-- Input data follows --

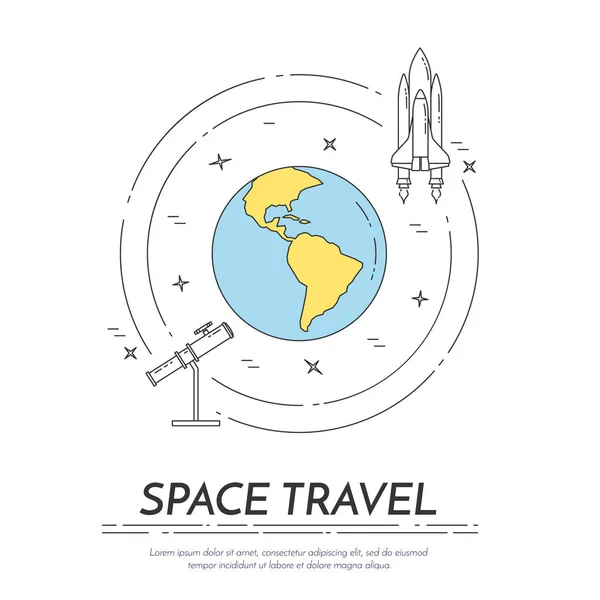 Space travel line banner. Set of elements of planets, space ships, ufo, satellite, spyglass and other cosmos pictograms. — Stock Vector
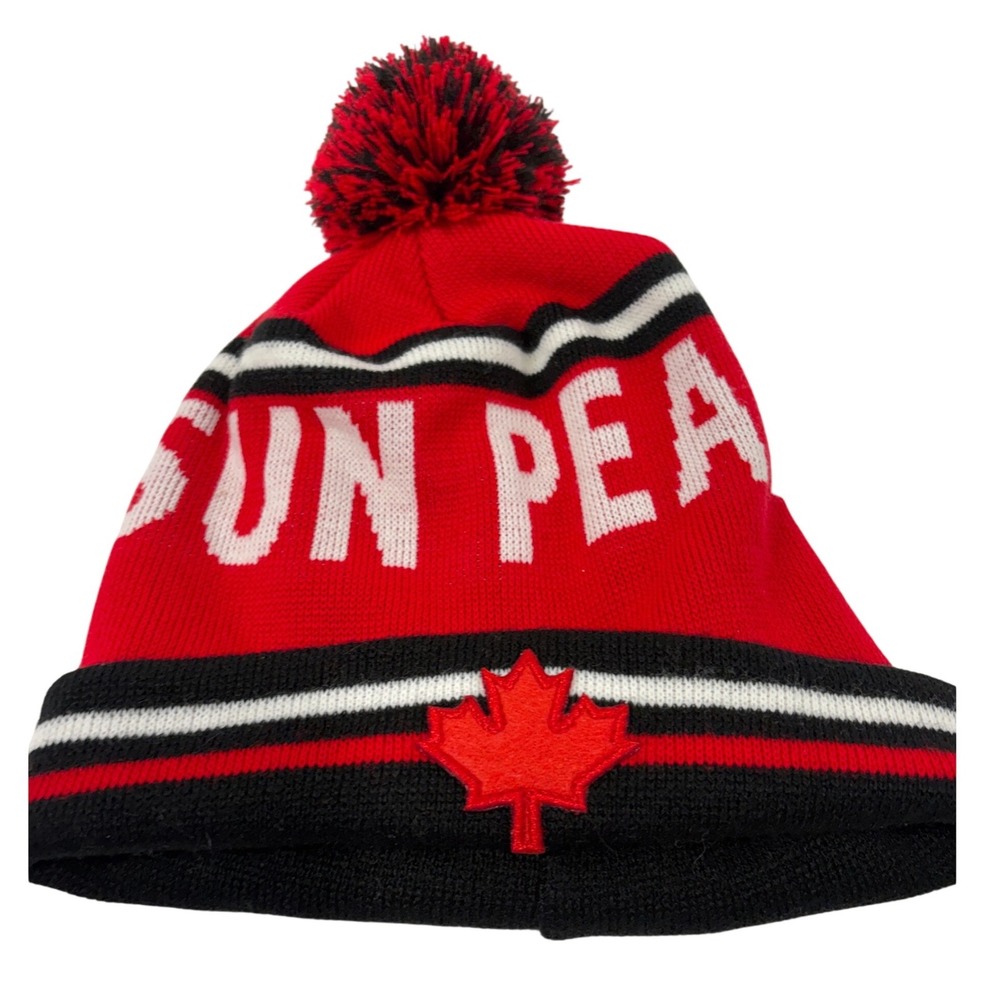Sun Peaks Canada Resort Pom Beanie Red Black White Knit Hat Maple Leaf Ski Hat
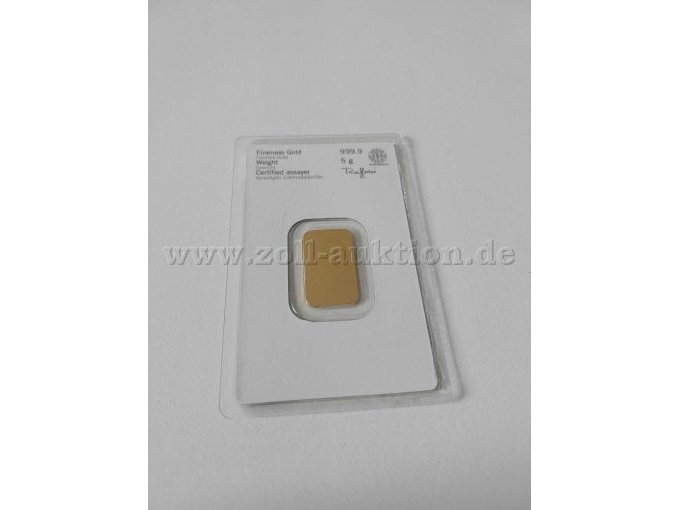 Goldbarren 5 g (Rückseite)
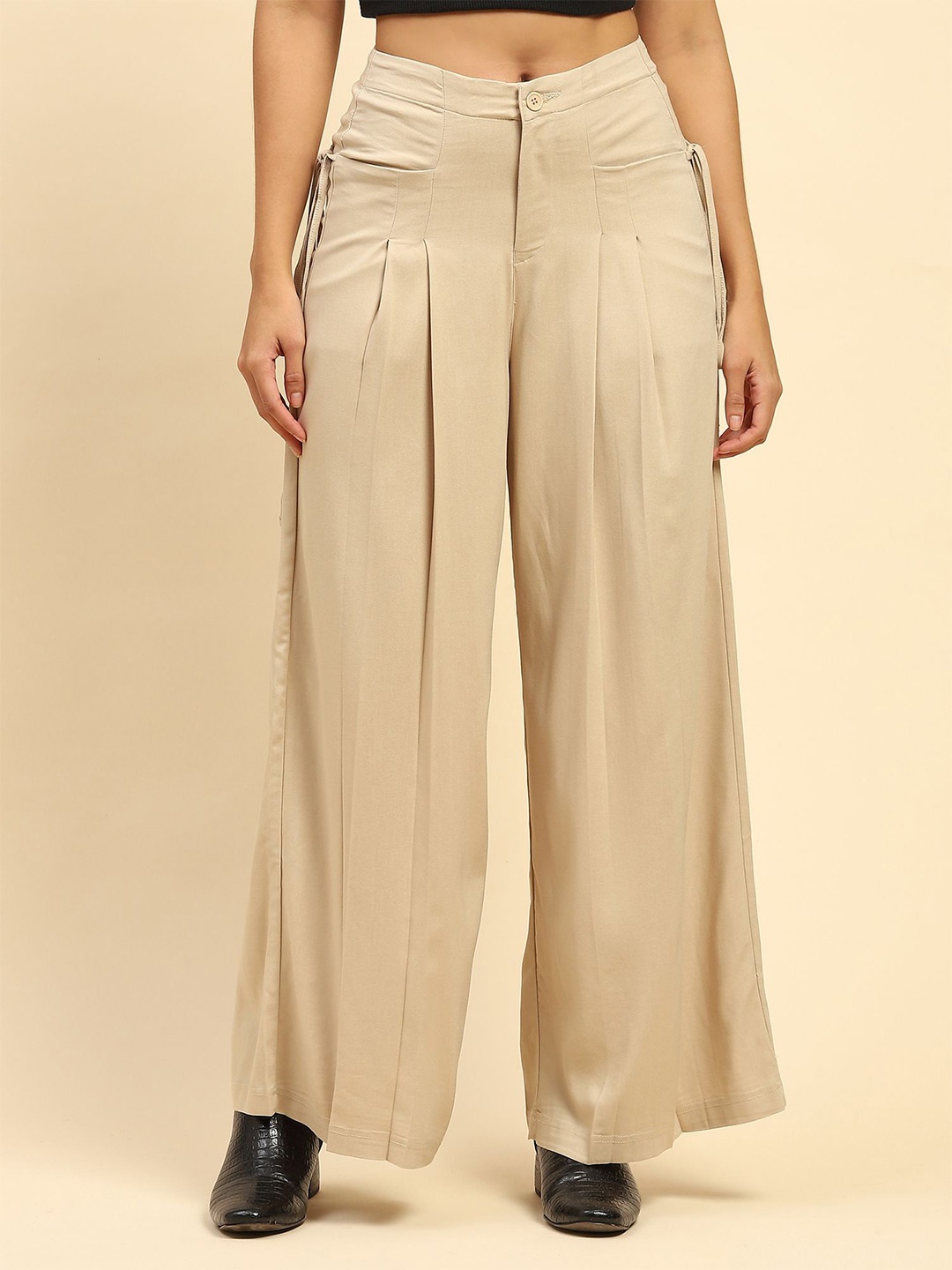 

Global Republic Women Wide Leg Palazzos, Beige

-- Input data concluded --

Copy out all of the data word for word. Do not carry over any picture.

 Space travel line banner. Set of elements of planets, space ships, ufo, satellite, spyglass and other cosmos pictograms. — Stock Vector
Sun Peaks Canada Resort Pom Beanie Red Black White Knit Hat Maple Leaf Ski Hat
 Goldbarren 5 g (Rückseite)

Global Republic Women Wide Leg Palazzos, Beige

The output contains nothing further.